** Task **
Please set down only the lines below starting with the line with "Royalford 500ml Stainless" and going on through the line with "Ciondoli Brosway Magic", verbatim and without pictures.

** Input data **
########################################
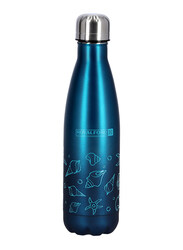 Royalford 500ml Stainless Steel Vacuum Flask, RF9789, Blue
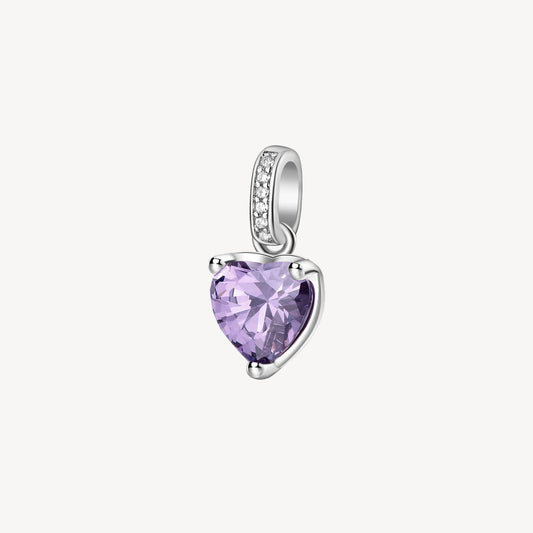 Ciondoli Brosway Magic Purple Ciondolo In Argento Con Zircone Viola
########################################
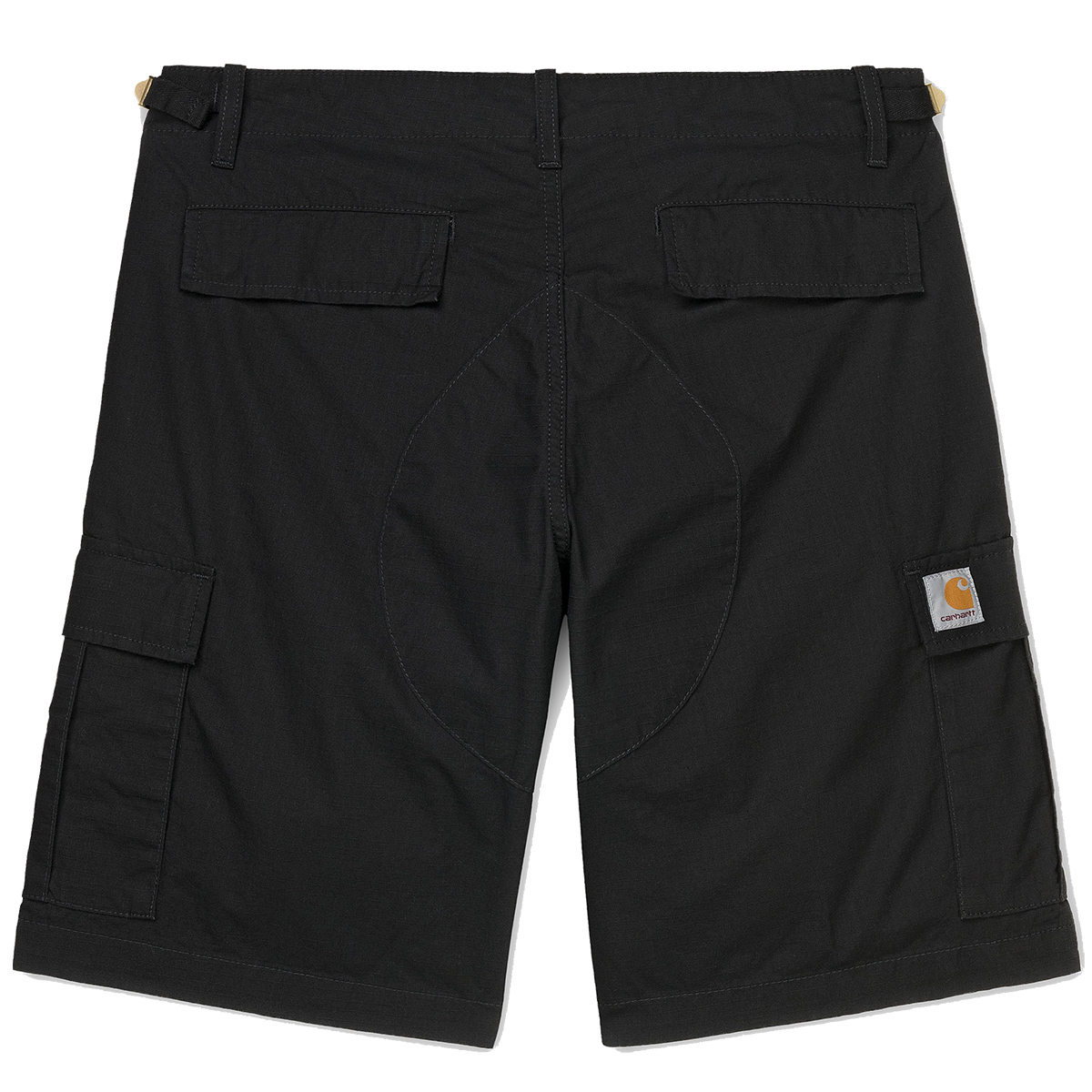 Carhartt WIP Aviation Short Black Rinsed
########################################
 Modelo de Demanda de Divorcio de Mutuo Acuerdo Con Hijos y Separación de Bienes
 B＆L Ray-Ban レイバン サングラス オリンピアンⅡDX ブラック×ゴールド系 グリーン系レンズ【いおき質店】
########################################
** Task response **
 Royalford 500ml Stainless Steel Vacuum Flask, RF9789, Blue
 Ciondoli Brosway Magic Purple Ciondolo In Argento Con Zircone Viola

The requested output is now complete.